Bakınız, kırkyama tekniğiyle ince ince ''işlenmiş'' bir İstanbul minyatürü...
Yokluktan doğan bir sanat KIRKYAMA. Tasarruf amacıyla yokluk yıllarında hanımların küçük kumaş parçalarını birleştirip dikerek ortaya çıkardığı bir uygulama. Zamanla desenler, motifler ve tabii ki tasarım katılarak bir el sanatına dönüşmüş. ''Kırkpare'', ''Yamalı Bohça'', ''Hanım Dilendi Bey Beğendi'' olarak da anılıyor.
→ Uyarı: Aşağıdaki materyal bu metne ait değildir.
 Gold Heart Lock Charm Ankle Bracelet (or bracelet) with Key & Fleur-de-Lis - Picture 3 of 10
Tüm dünyada geçerli İngilizce adı ''Patchwork''.

Yine minyatür + kırkyama sanatı tekniğiyle resmedilen Osmanlının ikinci başkenti Edirne

Osmanlının ilk başkenti Bursa...
Karagöz ile Hacivat, ipekböceği ve Kılıç Kalkan'sız Bursa olmaz tabii:)

Edirne'deki Fatih Köprüsü
Bir adı da Bönce Köprüsü olan ve Tunca'yı geçerek Edirne Sarayı'nı şehre bağlayan tarihi Osmanlı köprüsü.

Burada da güllerle aşkını ilan eden bir Osmanlı beyzadesi resmedilmiş:)
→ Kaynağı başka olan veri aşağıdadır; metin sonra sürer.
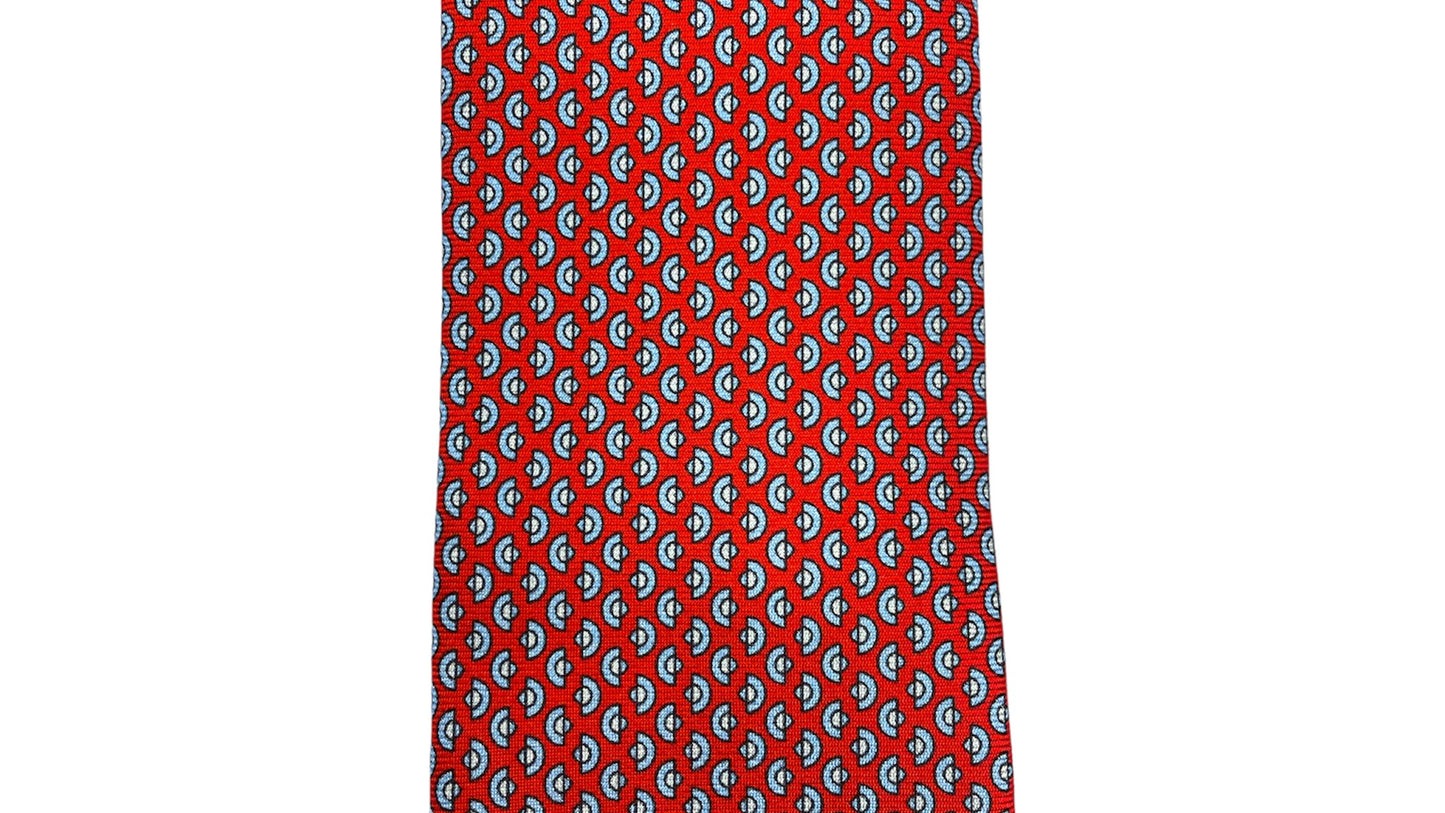 Cravatta seta rossa con mezzo cerchio celeste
Bu bir namazlık imiş. Yanında da tespih var. Anneannemin de benzer bir namazlığı vardı. Anılara götürdü beni.

Eser sahibi ve gelini. İkisi de vefat etmiş. ''Ah yalan dünya'' çalıyor kafamda oluşan fonda:(


İnsanların kumaş ve giysilerin pahalı olduğu zamanlarda atmadığı yahut hatırası olduğu için atmaya kıyamadığı kumaş parçalarının değerlenmesi için yarattığı bir el sanatı olan kırkyamanın modernize edilmiş hali...
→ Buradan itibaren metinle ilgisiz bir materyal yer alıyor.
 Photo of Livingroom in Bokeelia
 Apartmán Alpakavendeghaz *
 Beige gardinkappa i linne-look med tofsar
Nasıl güzel. Bu haliyle de Osmanlıdan, Lale Devri'nden izler taşıyor gibi.
Edirneli hanımların ellerine, emeklerine sağlık. Olağanüstü bir sergiydi...

Minyatürlerin günümüzü hicveden biçimde nasıl konuşturulduğu ile ilgili bir örnek vererek bitirelim o halde.

— ''Yeni kitap yazdım, söyle bütün sınıfa alsınlar, elli akça.''
— ''Tamam hocam.''


Kalın sağlıcakla...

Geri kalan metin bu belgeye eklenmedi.